Les chemins de traverse sont ceux que l’on emprunte, pensant devancer les routes habituelles, pour accéder de façon plus directe au paysage promis.
Ces itinéraires, plus courts, annoncent parfois un accès privilégié à un lieu où les autres routes ne passent pas, ou encore, relient une voie à une autre attisant le goût du raccourci .

Mais nous assurent-ils de ne pas « tourner en rond » ?

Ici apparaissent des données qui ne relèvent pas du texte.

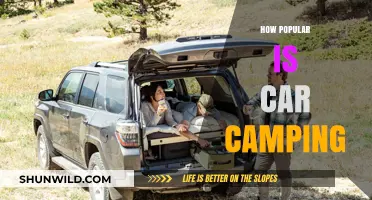 Car Camping Craze: Exploring Its Rising Popularity and Outdoor Appeal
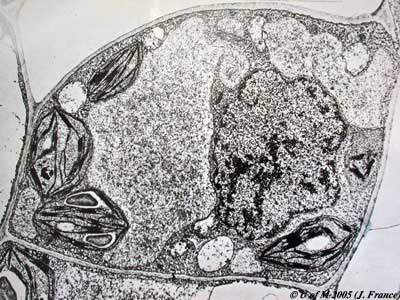 Animal And Plant Cell Structure And Function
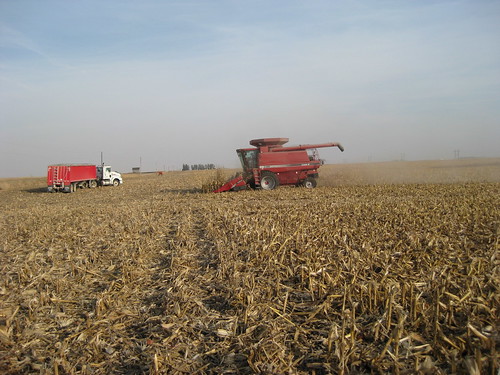 fall truck corn grain harvest combine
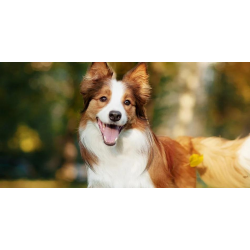 Croquettes pour Chien Adulte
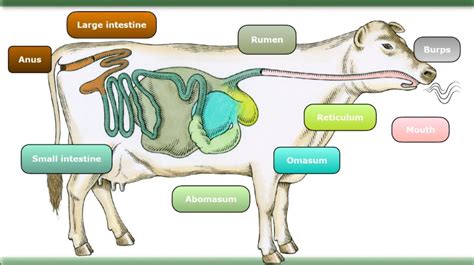 The Cattle Digestive System and Its Functions - PURWAFARM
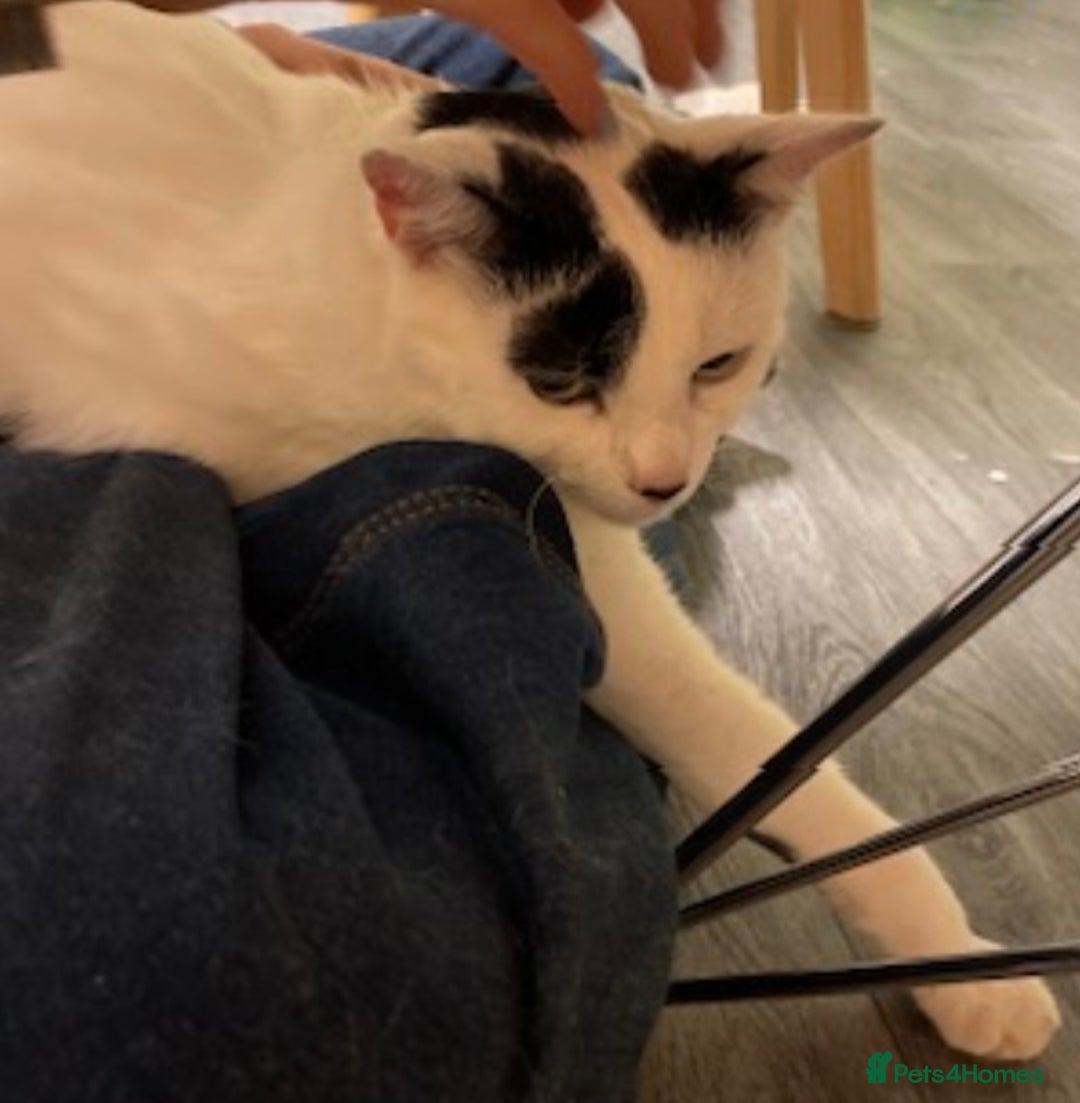 Domestic Shorthair cats for sale: Gorgeous white and black cat Smudge  - Image 4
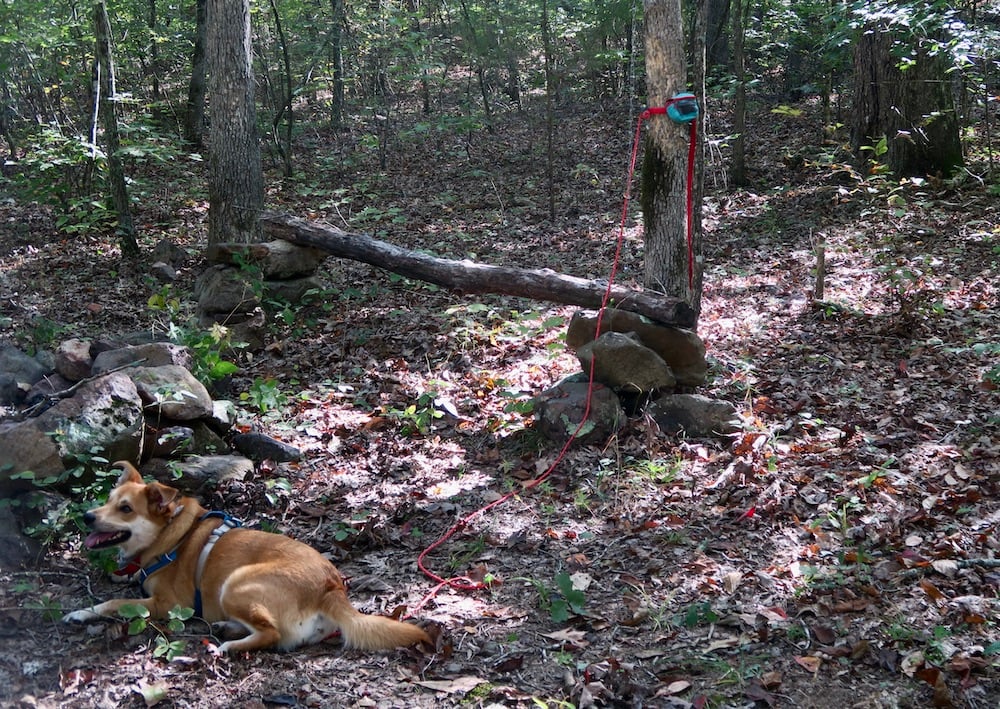 Lab mix resting in the woods while hitched to a tree. 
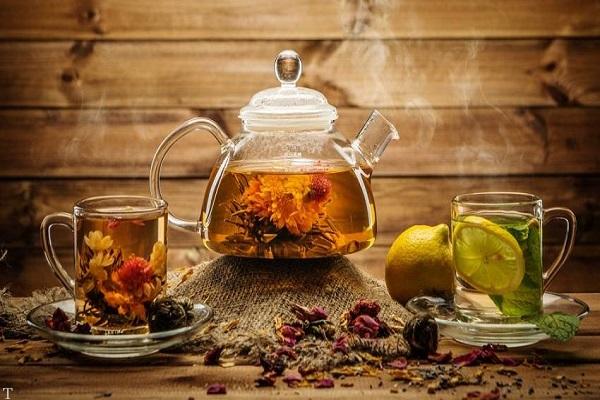 فواید شگفت انگیز گیاه زوفا 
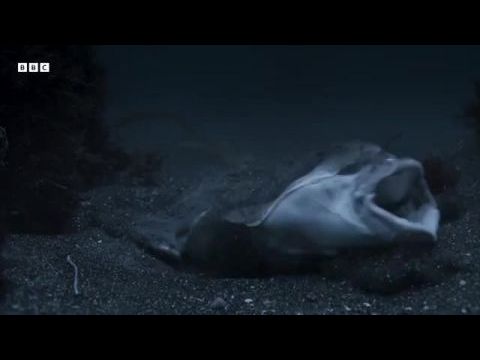 Bolygónk, a Föld III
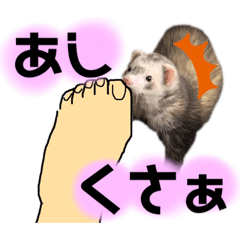 [LINEスタンプ] フェレットの喜怒哀楽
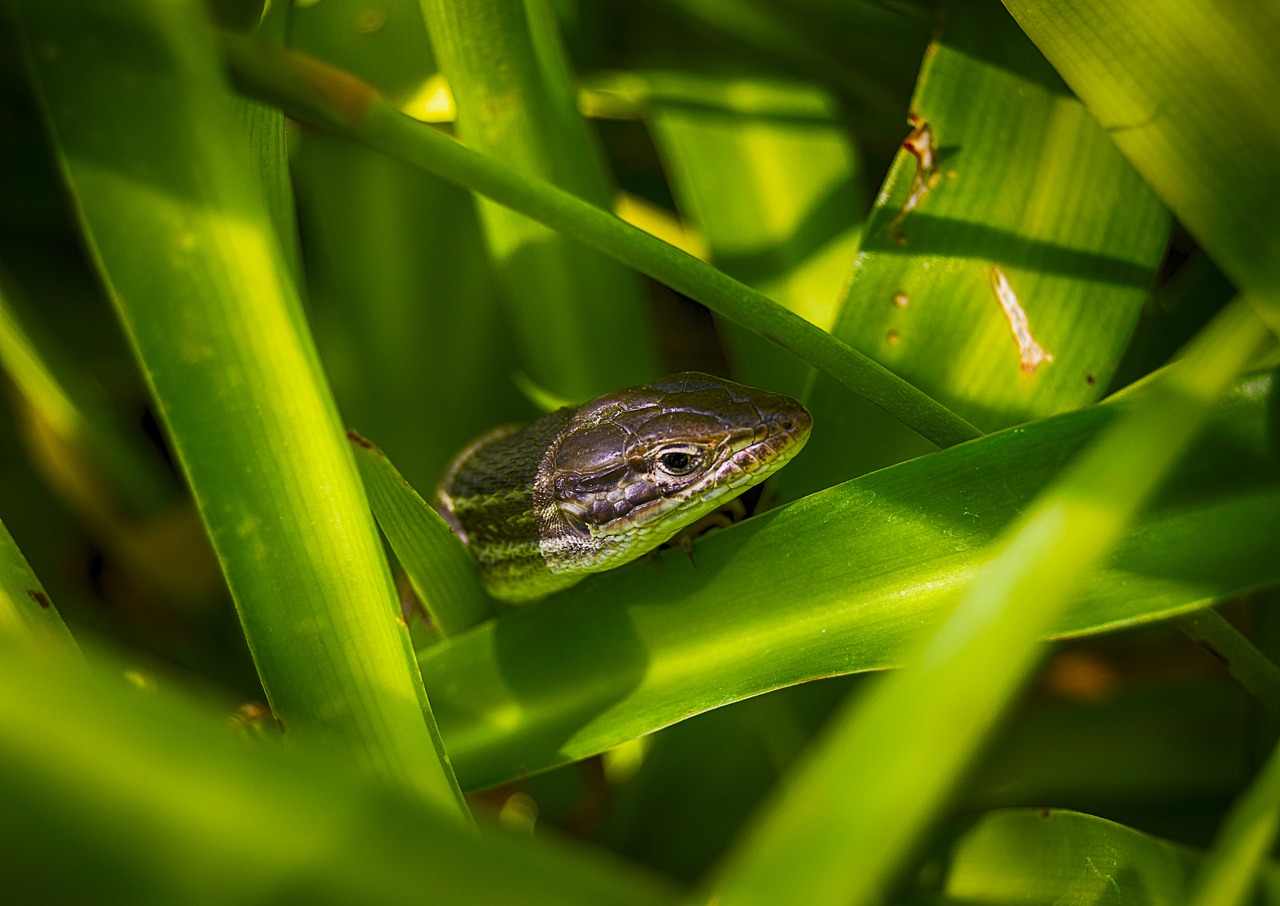 lizard  reptile  animal free photo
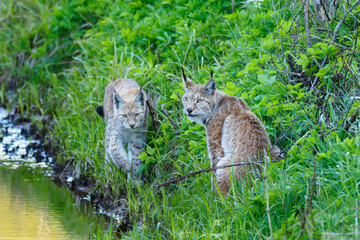 Two young Eurasian lynxes (Lynx lynx) in the wild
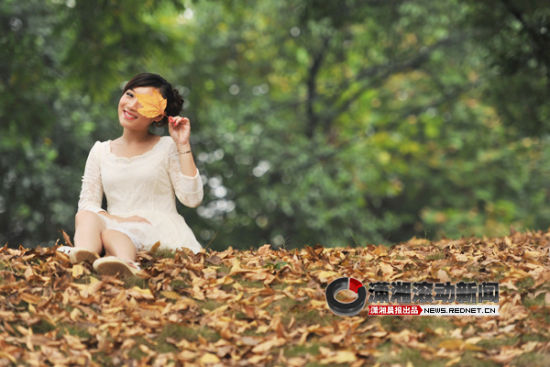 (9月26日株洲神农公园一片落满黄叶的草地上坐着一名美女在拍着写真。图/潇湘晨报-长株潭报滚动新闻记者 周健)
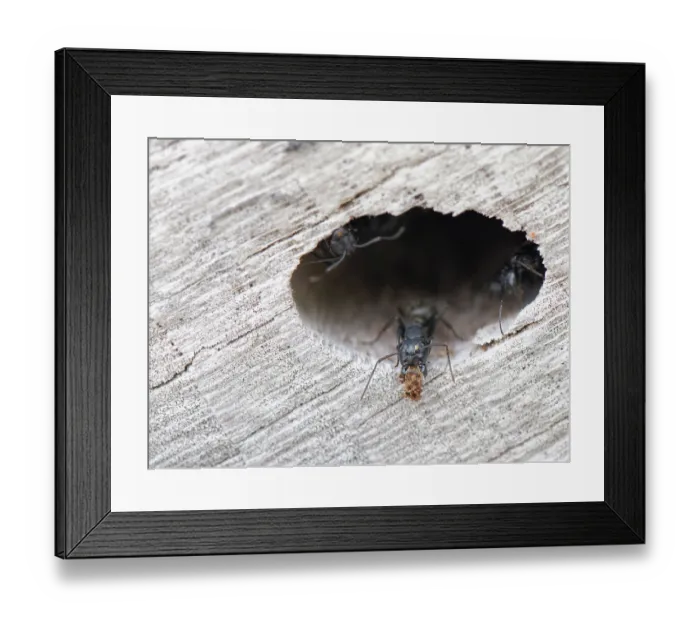 Framed Print : Hairy carpenter ant (Camponotus vagus) worker dropping a ball of frass wood shavings from a colony entrance in an old log on a beach, Corfu, Greece. May Framed Print : Hairy carpenter ant (Camponotus vagus) worker dropping a ball of frass wood shavings from a colony entrance in an old log on a beach, Corfu, Greece. May
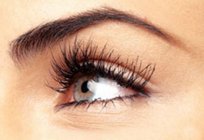 Wie man modische Augenbrauen? Breite Augenbrauen - Trend der Saison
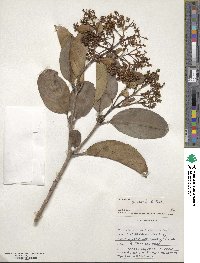 Viburnum odoratissimum image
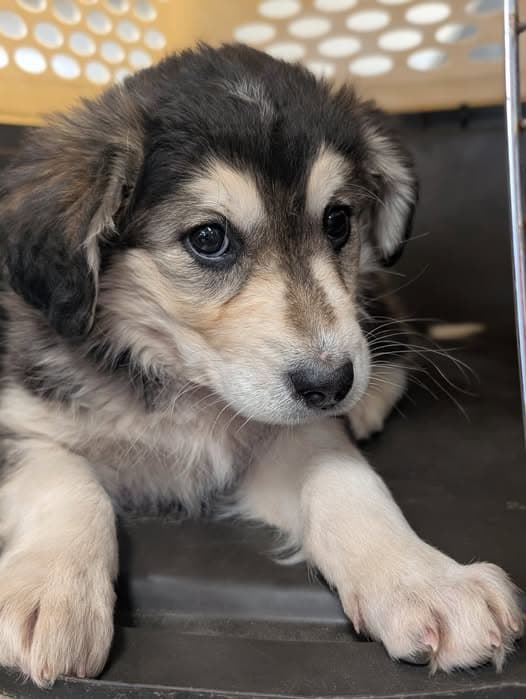 Husky Mix Puppy: Journey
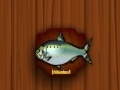 Xogo Amateur Action Super Fishing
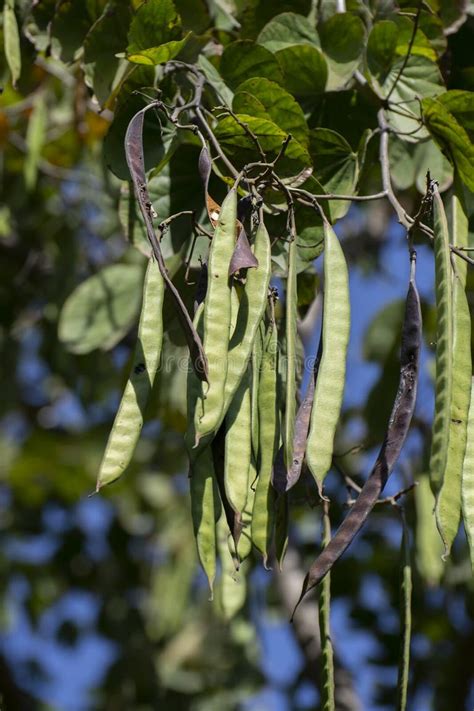 105 Kachnar Tree Stock Photos - Free & Royalty-Free Stock Photos from Dreamstime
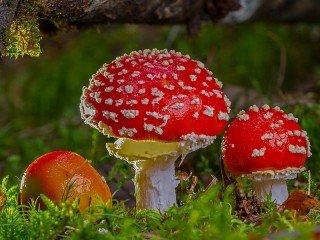 Rätsel «Three mushroom»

Le marcheur, ne trouvant pas d’issue, risquerait alors l’égarement. La balade engagée – animé par l’espoir d’aboutir à ce qui se trouve derrière, au bout, à la fin, à l’autre bout, au point d’arrivée – devient alors errance. Ces chemins qui semblaient favoriser le passage vers l’immensité, comme un élément transversal, accordant toutes les voies alentour solidement entre elles, deviennent objets de perdition, de frustration paysagère.
Continuant sans relâche, le promeneur, persuadé de trouver une échappatoire, se retrouve entraîné dans une quête sans fin, un cycle labyrinthique, dont la seule jouissance résulte en de perplexes formes, trouvées sur son chemin. Perdant le sens des rapports d’échelles et de temps, il plonge dans la profondeur des objets environnants, y cherchant de potentielles indications. Une roche, une empreinte, ou encore, des bribes de constructions humaines...

Suffocant, il désire plus que tout atteindre une vue qui semble ne jamais se laisser voir.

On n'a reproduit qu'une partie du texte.